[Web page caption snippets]
Start of Block
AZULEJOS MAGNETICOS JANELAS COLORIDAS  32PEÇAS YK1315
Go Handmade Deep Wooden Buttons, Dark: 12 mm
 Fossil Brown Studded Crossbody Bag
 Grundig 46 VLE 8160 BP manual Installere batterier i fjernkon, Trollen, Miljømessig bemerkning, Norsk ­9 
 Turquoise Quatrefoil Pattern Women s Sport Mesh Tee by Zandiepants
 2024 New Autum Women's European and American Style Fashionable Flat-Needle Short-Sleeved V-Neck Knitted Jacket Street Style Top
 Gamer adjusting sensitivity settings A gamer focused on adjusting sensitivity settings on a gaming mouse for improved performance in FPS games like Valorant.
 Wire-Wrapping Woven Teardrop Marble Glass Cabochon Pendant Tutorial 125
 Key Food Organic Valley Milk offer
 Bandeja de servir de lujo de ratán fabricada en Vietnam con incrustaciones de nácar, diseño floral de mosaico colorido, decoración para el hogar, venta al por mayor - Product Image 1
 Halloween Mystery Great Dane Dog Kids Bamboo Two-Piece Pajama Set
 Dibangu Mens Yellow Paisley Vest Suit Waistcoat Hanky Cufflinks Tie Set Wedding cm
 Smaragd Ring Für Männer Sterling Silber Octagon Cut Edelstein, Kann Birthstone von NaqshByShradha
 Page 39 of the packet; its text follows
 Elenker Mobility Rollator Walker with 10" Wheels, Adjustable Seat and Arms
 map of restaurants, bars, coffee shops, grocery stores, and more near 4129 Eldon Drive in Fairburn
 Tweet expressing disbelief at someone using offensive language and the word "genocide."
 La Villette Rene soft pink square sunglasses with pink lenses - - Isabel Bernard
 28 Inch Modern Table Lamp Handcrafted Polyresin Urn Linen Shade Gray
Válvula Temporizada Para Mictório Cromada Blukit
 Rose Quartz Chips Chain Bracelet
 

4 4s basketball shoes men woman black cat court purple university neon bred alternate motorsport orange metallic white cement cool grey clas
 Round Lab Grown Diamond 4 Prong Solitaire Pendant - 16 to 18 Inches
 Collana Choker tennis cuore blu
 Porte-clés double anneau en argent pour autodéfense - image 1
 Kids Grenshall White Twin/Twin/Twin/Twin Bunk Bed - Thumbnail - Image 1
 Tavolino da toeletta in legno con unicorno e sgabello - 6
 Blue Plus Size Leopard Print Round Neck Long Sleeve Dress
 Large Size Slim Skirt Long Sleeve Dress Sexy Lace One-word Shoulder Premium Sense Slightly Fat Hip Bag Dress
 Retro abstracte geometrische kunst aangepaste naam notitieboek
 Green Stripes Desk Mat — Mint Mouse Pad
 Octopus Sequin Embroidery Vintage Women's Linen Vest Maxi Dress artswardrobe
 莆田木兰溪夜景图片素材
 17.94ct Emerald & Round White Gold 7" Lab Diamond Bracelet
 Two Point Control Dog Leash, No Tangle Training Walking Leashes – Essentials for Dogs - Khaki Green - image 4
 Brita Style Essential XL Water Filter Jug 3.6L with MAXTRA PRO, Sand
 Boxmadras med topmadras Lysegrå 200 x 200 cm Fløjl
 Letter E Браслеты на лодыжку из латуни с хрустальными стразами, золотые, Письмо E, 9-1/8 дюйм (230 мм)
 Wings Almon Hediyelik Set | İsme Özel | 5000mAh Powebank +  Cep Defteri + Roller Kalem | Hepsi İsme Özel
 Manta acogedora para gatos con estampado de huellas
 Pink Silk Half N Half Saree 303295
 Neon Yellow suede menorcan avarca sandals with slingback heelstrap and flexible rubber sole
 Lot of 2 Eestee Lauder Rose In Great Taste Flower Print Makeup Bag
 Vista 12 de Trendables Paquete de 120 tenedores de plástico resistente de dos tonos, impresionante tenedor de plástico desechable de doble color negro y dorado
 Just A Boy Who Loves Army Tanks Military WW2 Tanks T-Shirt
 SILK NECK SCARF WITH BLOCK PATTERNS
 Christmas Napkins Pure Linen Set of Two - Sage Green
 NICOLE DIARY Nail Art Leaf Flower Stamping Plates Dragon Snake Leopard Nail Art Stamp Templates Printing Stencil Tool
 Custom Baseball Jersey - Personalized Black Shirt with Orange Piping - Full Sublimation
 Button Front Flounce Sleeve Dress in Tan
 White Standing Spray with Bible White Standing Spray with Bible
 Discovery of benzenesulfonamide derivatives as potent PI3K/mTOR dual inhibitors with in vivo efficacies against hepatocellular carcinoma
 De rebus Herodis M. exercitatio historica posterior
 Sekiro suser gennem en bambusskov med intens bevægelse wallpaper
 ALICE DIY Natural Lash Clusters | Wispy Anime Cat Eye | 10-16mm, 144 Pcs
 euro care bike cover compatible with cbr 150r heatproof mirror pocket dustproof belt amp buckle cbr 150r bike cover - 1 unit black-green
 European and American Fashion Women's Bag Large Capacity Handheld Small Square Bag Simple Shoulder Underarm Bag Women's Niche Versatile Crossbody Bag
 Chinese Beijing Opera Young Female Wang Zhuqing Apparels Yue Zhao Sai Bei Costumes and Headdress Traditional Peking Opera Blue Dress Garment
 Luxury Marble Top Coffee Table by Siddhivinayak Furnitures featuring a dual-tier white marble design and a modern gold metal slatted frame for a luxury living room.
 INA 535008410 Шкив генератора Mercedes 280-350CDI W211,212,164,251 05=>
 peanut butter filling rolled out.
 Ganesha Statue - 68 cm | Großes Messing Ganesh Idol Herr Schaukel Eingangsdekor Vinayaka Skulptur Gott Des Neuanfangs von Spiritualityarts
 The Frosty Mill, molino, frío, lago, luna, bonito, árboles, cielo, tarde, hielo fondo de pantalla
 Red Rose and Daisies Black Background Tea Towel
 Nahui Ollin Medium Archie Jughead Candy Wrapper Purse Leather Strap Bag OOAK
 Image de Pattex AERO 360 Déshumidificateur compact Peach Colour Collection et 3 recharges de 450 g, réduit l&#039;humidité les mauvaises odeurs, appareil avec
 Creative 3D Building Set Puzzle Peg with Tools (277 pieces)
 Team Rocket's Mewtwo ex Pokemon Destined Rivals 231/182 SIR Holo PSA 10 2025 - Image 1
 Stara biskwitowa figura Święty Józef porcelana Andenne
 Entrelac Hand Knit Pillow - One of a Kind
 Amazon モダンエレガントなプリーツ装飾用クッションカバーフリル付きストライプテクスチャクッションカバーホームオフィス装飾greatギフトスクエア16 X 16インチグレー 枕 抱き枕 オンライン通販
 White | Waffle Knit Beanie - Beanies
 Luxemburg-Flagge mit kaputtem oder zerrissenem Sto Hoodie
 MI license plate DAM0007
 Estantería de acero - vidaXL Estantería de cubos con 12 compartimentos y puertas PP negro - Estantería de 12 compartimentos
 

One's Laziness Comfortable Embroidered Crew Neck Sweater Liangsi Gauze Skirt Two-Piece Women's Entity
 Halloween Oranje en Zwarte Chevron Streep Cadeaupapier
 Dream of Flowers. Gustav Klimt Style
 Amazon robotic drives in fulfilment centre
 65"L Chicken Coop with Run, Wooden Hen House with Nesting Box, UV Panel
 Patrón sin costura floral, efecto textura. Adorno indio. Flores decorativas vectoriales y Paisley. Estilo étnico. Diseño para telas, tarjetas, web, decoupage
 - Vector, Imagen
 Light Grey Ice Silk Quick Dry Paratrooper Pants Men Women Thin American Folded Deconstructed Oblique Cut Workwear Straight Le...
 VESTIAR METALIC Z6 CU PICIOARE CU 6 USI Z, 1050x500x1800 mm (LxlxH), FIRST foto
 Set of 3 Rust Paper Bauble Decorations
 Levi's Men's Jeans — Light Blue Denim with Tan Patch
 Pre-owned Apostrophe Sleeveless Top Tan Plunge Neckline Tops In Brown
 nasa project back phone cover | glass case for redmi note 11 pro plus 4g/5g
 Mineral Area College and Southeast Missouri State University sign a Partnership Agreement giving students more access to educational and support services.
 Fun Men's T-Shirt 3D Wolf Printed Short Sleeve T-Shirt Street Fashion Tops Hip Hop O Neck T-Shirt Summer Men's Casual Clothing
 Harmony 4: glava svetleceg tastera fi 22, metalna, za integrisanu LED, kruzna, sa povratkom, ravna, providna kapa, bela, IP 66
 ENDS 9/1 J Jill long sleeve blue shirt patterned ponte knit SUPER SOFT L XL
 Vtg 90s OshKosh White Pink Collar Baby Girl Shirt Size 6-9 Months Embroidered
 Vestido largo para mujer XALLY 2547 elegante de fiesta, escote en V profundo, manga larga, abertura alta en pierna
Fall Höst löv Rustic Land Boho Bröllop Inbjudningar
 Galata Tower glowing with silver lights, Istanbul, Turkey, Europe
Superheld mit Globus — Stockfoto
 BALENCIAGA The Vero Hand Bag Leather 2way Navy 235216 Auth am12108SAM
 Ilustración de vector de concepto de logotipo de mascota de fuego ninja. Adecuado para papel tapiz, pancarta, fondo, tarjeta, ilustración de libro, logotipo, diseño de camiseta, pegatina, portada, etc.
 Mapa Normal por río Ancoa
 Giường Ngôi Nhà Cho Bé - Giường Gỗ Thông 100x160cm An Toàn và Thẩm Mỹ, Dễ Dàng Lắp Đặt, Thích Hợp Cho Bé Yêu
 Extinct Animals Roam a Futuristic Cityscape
End of Block
### Action item
The lines to return are those in the entries above that include "Tops".

### Your response
 Pre-owned Apostrophe Sleeveless Top Tan Plunge Neckline Tops In Brown
 Fun Men's T-Shirt 3D Wolf Printed Short Sleeve T-Shirt Street Fashion Tops Hip Hop O Neck T-Shirt Summer Men's Casual Clothing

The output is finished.